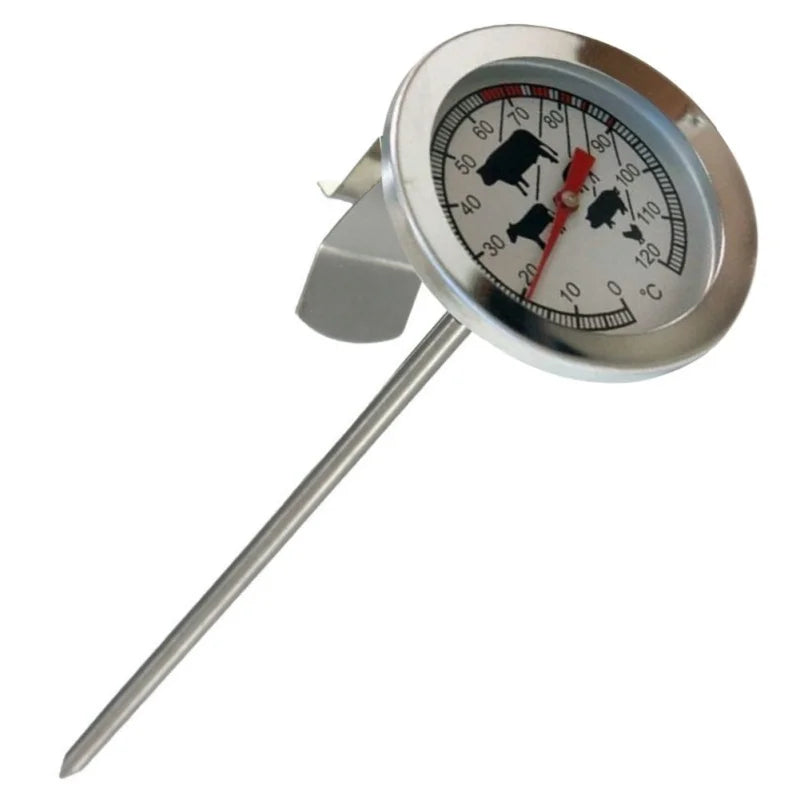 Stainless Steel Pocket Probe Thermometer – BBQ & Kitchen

________________________

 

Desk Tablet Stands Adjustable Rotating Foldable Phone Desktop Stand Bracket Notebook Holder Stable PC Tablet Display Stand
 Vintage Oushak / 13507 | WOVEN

________________________

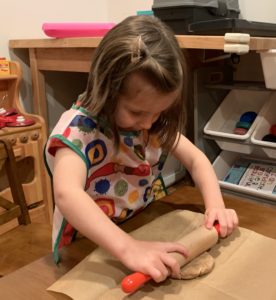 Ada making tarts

________________________

(Task to carry out):
A word-for-word copy of the lines above from the one with "Desk Tablet Stands" through the one with "Vintage Oushak / 13507 | WOVEN", inclusive, is the only output wanted.

(Answer section):
Desk Tablet Stands Adjustable Rotating Foldable Phone Desktop Stand Bracket Notebook Holder Stable PC Tablet Display Stand
 Vintage Oushak / 13507 | WOVEN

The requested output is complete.